I’m safe, but what about the Trump wannabees?
And I bet she remembers my speech. Another pretty girl left the kennel a while ago, and took my speech with her.
My wife always told me the reason we lasted 44&1/2 years was because I could make her laugh.

• “Hilda” was my neighbor Sunday-School Superintendent Hilda Q. Walton, who convinced me all males, including me at age-5, were SCUM. My hyper-religious parents heartily agreed. NO PRETTY GIRL WILL TALK TO YOU!”
• “Killian,” my current dog, is a “rescue Irish-setter.” He’s eleven, and is my seventh Irish-Setter, an extremely lively dog. A “rescue Irish setter” is usually an Irish Setter rescued from a bad home; e.g. abusive or a puppy-mill. Or perhaps its owner died. (Killian was a divorce victim.) By getting a rescue-dog I avoid puppydom, but the dog is often messed up. —Killian was fine. He’s my fifth rescue.
• My wife died of cancer April 17th, 2012. I still miss her. BEST friend I ever had, and after my childhood I needed one. She actually liked me.

Thursday, April 16, 2020

Eight years

BEST FRIEND I EVER HAD! (Long-ago photo by BobbaLew.)

—Today’s the day.
Eight years ago, April 17th, 2012, my beloved wife died.
We lasted 44&1/2 years. Her mother, who was a real pill, predicted we wouldn’t last four months.
We lasted that long despite how royally messed-up I was.
I used to say my wife was the sane one, and I was half insane.
We both had dreadful childhoods, mine perhaps worse than hers.
Her mother raised her to be a frump.
My hyper-religious parents convinced me I was rebellious and stupid because I couldn’t worship my holier-than-thou father.
Although as I got older, my mother realized my father was losing me. When I finally left for good, my mother was distraught.
And I didn’t return “the Prodigal-Son,” making my father angrier still.
My wife died of cancer. It kills its host, and thereby kills itself.
We wrastled with cancer over a year. Up-and-down. Back-and-forth.
I thought it lymphoma, but actually it was breast-cancer. But no primary-site. We didn’t know she had it until it metastasized into her lymph-nodes.
Chemo would take it to nothing, but it always returned. Finally it got aggressive.
April 16th I took her to hospice, and contrary to what I expected, no one escapes hospice alive.
We went in our 2005 Toyota Sienna minivan, and my wife told me she appreciated our making the long trip in a comfortable car.
To her our 2003 Honda CR-V was uncomfortable.
I told her “Don’t forget.

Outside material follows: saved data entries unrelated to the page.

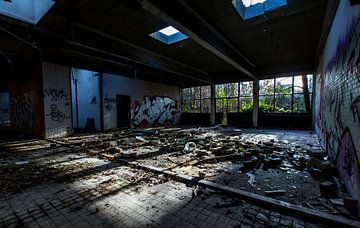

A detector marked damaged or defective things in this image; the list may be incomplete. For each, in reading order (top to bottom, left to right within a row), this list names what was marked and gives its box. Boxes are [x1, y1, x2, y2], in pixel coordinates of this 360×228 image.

peeling paint on wall [131, 96, 179, 127]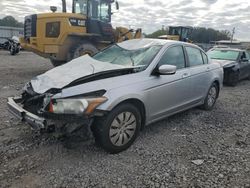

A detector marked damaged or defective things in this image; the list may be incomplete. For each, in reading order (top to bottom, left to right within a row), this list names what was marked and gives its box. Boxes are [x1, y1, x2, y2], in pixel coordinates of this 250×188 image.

shattered windshield [93, 44, 162, 69]
crumpled hood [31, 55, 125, 94]
damaged bumper [7, 96, 46, 130]
broken headlight [48, 97, 107, 114]
damaged silver sedan [7, 39, 223, 153]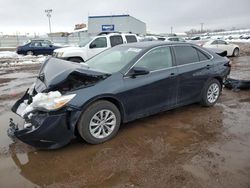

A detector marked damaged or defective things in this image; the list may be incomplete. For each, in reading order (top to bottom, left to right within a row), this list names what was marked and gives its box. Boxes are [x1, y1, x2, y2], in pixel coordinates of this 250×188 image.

crumpled hood [36, 58, 109, 92]
detached bumper piece [9, 90, 75, 149]
broken headlight lens [31, 94, 75, 111]
broken headlight [31, 94, 75, 111]
damaged front end [8, 58, 109, 149]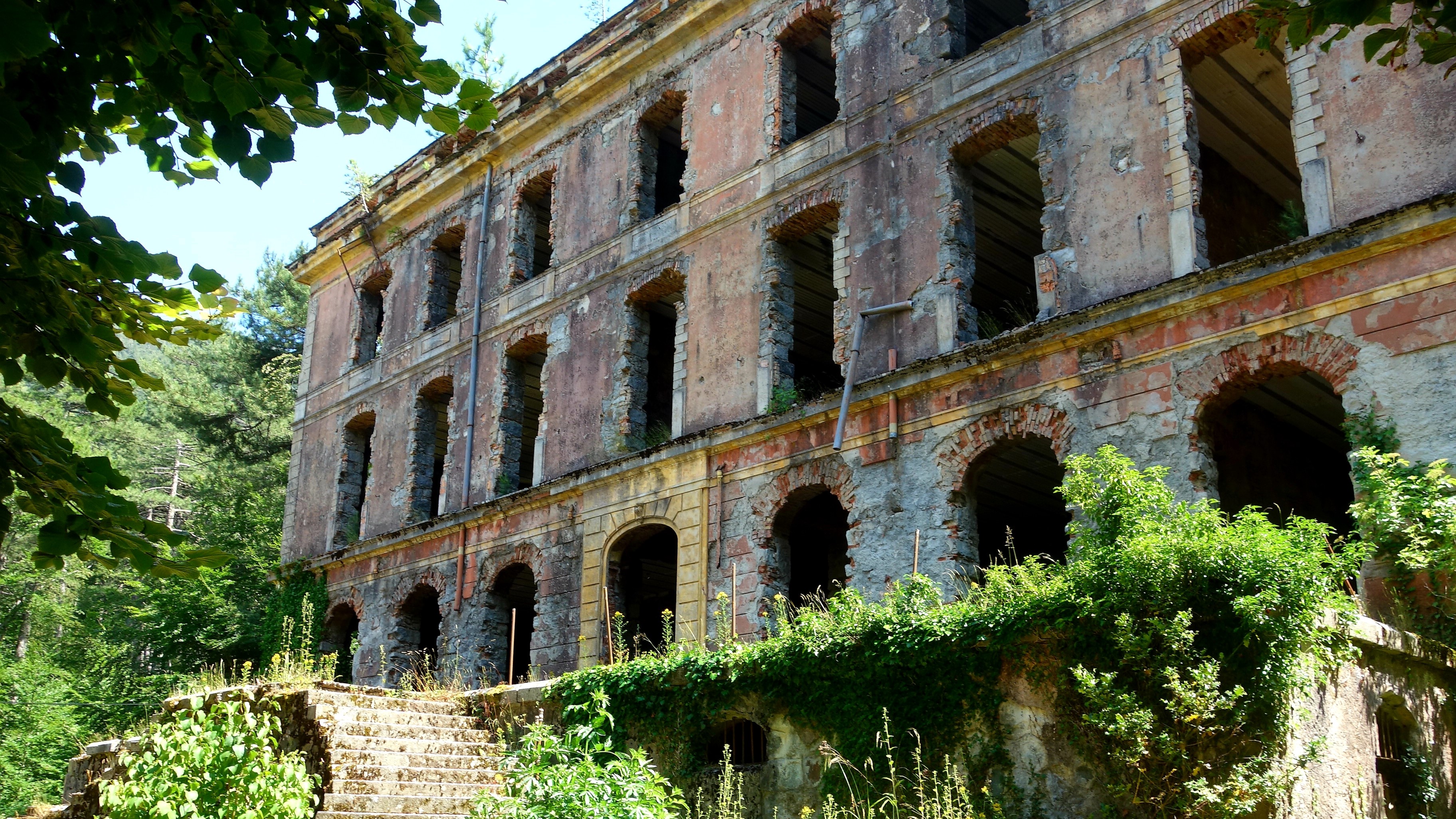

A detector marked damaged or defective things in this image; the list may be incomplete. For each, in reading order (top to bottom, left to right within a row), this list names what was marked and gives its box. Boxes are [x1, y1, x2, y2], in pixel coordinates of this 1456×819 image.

You always had what mattered, what’s between the ears.”
I could talk to her: big-words, obscure concepts, figures-of-speech; she got ‘em all. Often she told me she was thinking the same thing.
And a few years ago I told her older brother — still alive — “I think I convinced her she wasn’t a frump.”
And of course, now that she’s gone I begin to reverse my torrid childhood.
Would that she could experience who I am now. I can talk to pretty girls; 10 years ago I couldn’t - scared.
And had she not died, I’d probably still be the screwed-up mess I was before.
She was hospitalized once, and when she was discharged I promised myself to be more normal. Didn’t work! As soon as we got back home we fell into the same tortured roles.
I had to lose her to break loose.
A lot has changed since my wife died.
NO PRETTY LADY WILL TALK TO/SMILE AT/BE INTERESTED IN YOU!” That was my neighbor Sunday-School Superintendent with whom my parents heartily agreed.
I’ve since discovered that was BUNK, a wonderful thing to tell a five-year-old Aquarian.
I’ve befriended too many pretty ladies.
I’m still filled with self-loathing, but that hoary childhood is cast asunder.
Friends wonder how I attracted a wife in the first place. I guess she liked me from the get-go = the way I thought. My habit of skewering conventional wisdom, and noting different and interesting points-of-view.
The fact she had a difficult childhood made her think she deserved no better.
I think of one girl I befriended long ago who also liked the way I thought. Girls like that are rare-birds, but after a few days of me she’d walk away.
It’s depressing to think of what my wife gave up to stay with me. She wanted kids, and I didn’t. I was afraid I’d be like my father.
So now eight years have passed. I’ve befriended so many ladies I’m amazed.
“You were very lucky,” my Bereavement-Counselor tells me. “Your wife was perfect for who you were.
She looks down and smiles.”
“No up!” I shout. “My wife was also an unbeliever. She’s roasting in Hell, as will I some day.”
The zealots were all-too-happy to tell us “Hell for you, baby! You are disgusting!”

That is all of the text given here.